Task objective:
Return the lines below exactly, please, from the one containing "Fototapeta premium Delicious" through the last one, both included, and leave out any pictures.

Data block:
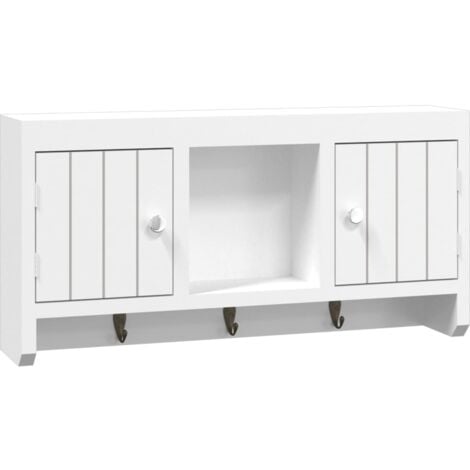 Key Cabinet White 40x8.5x20 cm Engineered Wood&Steel vidaXL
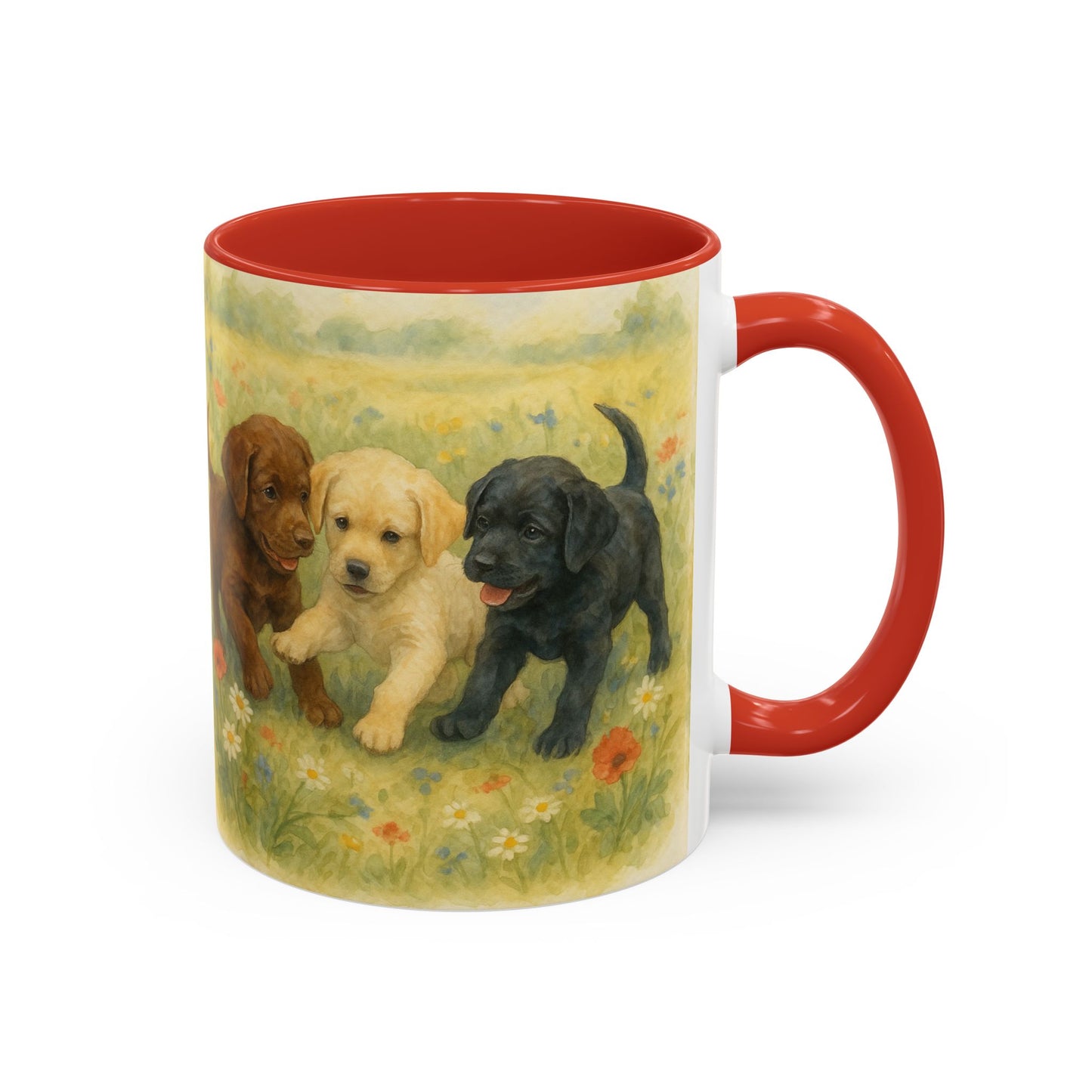 Labrador Retriever puppies Accent Mug – Ceramic Coffee Cup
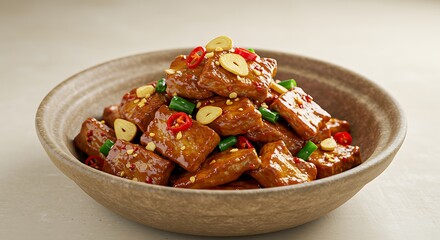 Fototapeta premium Delicious fried tofu dish in ceramic bowl culinary cuisine concept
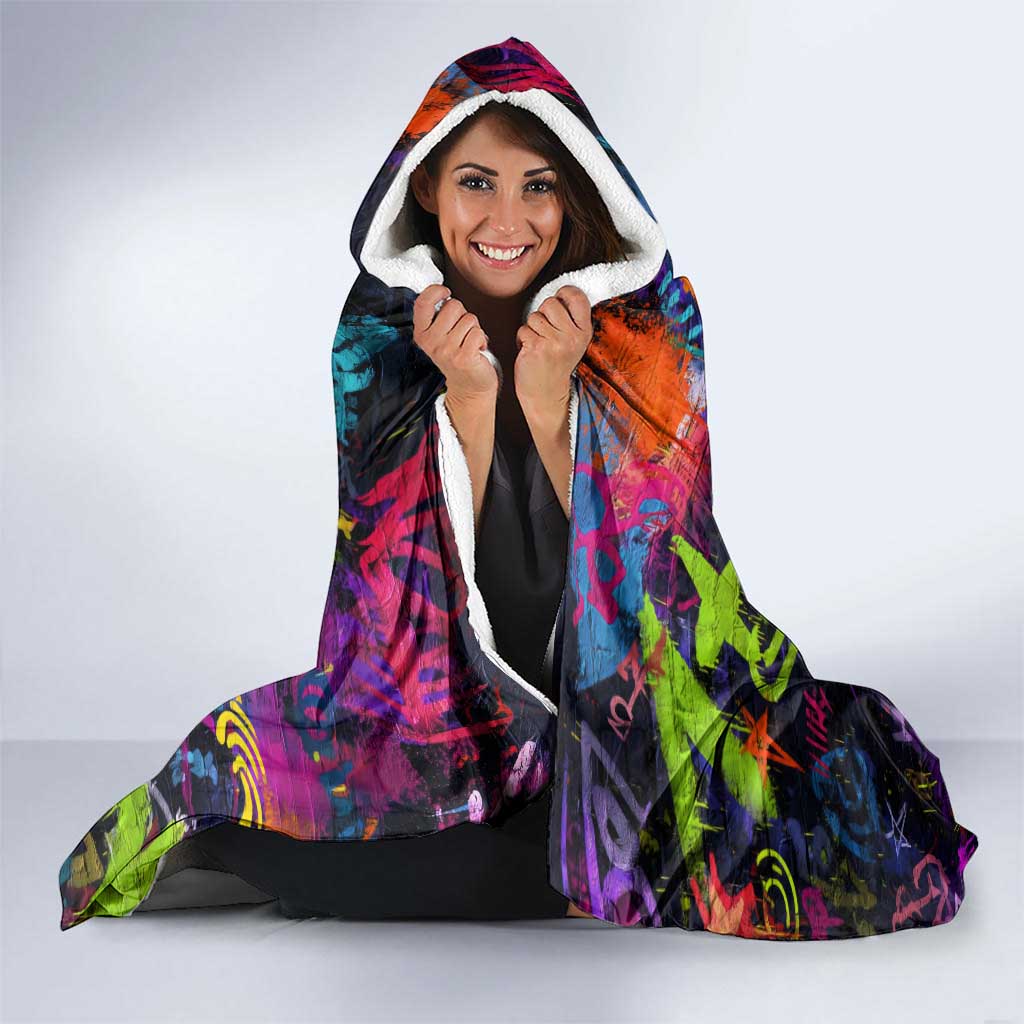 Graffiti Hip Hop Hooded Blanket with Neon Bear and Street Artist Panda Design - Wonder Print Shop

Answer to the problem:
 Fototapeta premium Delicious fried tofu dish in ceramic bowl culinary cuisine concept
 Graffiti Hip Hop Hooded Blanket with Neon Bear and Street Artist Panda Design - Wonder Print Shop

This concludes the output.